I took some images the other evening of water patterns on a lake and may try on, but on a much much much smaller scale.

finn said...

Going back & forth from the laptop to the painting just *sounds* exhausting. Did you given any consideration to using a projector so you could trace the colors in-place? Or would that be "cheating"? What does "cheating" mean in this context?

Bruce said...

good to hear from you, john. tracing is never "cheating", it's just another tool; i've posted in the past comparisons of different drawing methods -- freehand, tracing, freehand plus correcting from a superimposed photo ... and using a grid, as here.

the main considerations were: tracing just means doing the whole thing twice, with pencil and with brush; tracing is itself hard work, physically; tracing all the outlines of all the color areas would be horridly confusing to interpret later (many of the areas are extremely small, a sixteenth of an inch); doing the tracings separately would mean quite a lot of handling of the sheet (scuffing, fingerprints and hand oils, taping to a wall, etc.); and all that pencil lead would mean quite a lot of carbon buried in the painting, which would dull the color.

the big problem with working from the computer was *seeing each shape*. if you see the letter "A" or a square or a familiar object, you can immediately reproduce the general form. fractals and blobs evade that generic visual capability.

finn said...

Bruce, your original explanation of why it was difficult to go grid-to-grid made a lot of sense (holding the almost random noise pattern in your head as you went from screen to canvas).
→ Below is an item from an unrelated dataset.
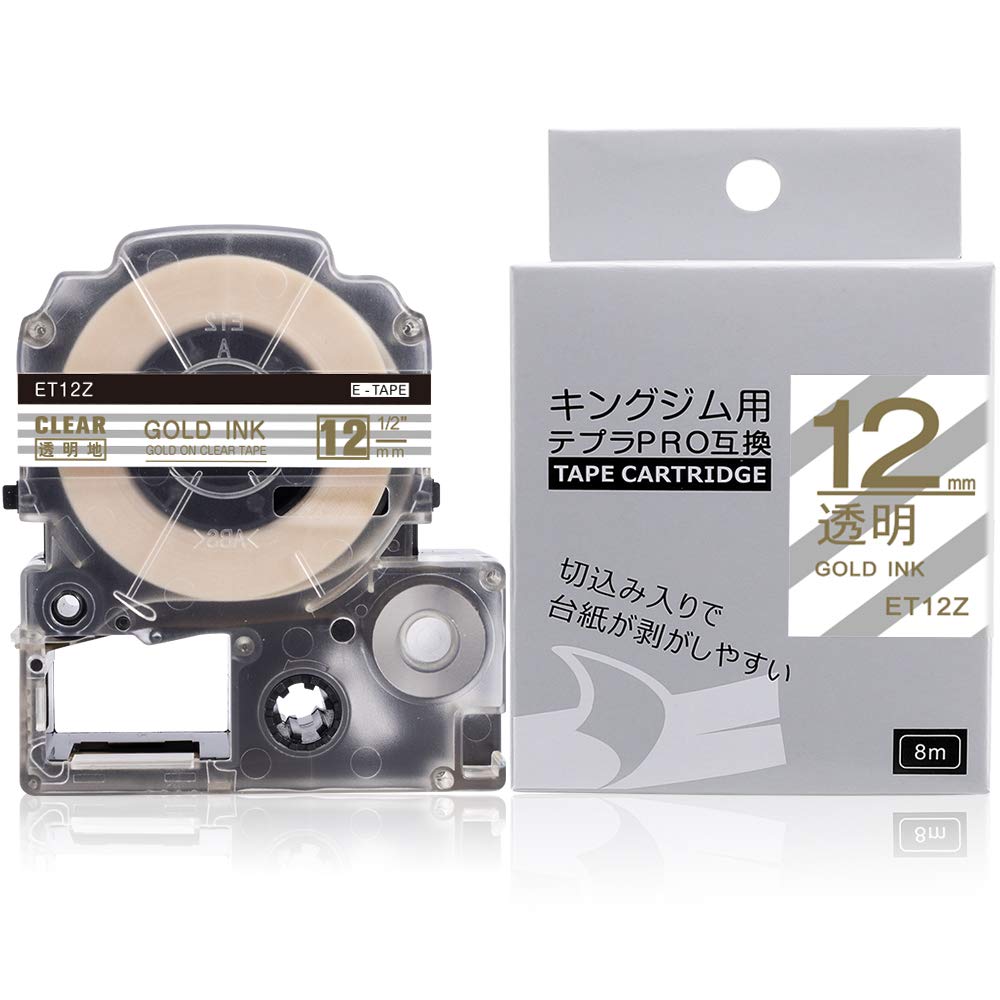 透明 12mm 互換 テプラ テープ 透明地 金文字 キングジム テープ12mm ST12Z テプラPRO カートリッジ ラベルライター テープ 長さ8m SR170 SR-R680 SR750 SR250など用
I was thinking of projecting a high-contrast single-color image onto the painting and directly filling in that color, no pencil involved at all. One difficulty would be detecting what has been filled in yet vs. what hasn't, but I assume the eye would be able to tell projection-only from projection-vs-watercolor areas. Gotta make sure you're not keystoned, though! Maybe "tracing" is the wrong word for what I meant.

Ah, just thinking of working under the light of a projector brings back fond memories of making a fake ID "board" during my late teens. I'm still sad I threw away the photo album of reject polaroids during a fit of paranoia.

Bruce said...

john, i contemplated the "paint in" method you describe and decided it wasn't feasible.

first, it's terribly fatiguing both to do detail visual work in dim light, and to hold the arm vertical on a wall hung paper, at least when you're and old man. then it's hard to apply paint evenly when it's "overprinted" by the projection, avoid drips with the paint, and avoid smudging areas already painted but not dry. finally, as you say, the projector has to be directly perpendicular to the paper, which means either moving the projector around the big paper area (a lot of fussing with alignment, focal distance, focus, etc.) or moving the paper around on the wall in front of the projector (a lot of fussing with alignment, secure taping, posture compromises, etc.). and finally, the work can only be done at night; i don't have window shades in the studio.

i thought of circumventing some of those issues by building a projector stand that would project vertically downward onto a table, but that only solves somewhat the problems of drips, fatigue and positioning. (the commercial stands are supported by a pipe that clamps to the table edge, which means you cannot project into the center of a large sheet.)

i actually may try building a vertical projection stand for future projects, depending on how this work goes. but in terms of *expediting* work, i can't visualize how the other methods would be faster with the same accuracy.

Adam Cope said...

" .... at that pace, i wouldn't finish the painting until next spring."

bruce - now it is nearly next spring. i do hope u r well!

intersting post as per usual. i first thought was that working on such a large scale flat, using a the squaring up technique, esepcially of something essentailly abstract... there is a danger of not being able to stand back & get a distant ovrall view of the art work. pin it up on the wall from time to time!

i didn't do this when doing a poster sized half-tone of the giza sphinx...it ended up with a pyshotic frown rather than the quaint enimgatic know-it-all expression!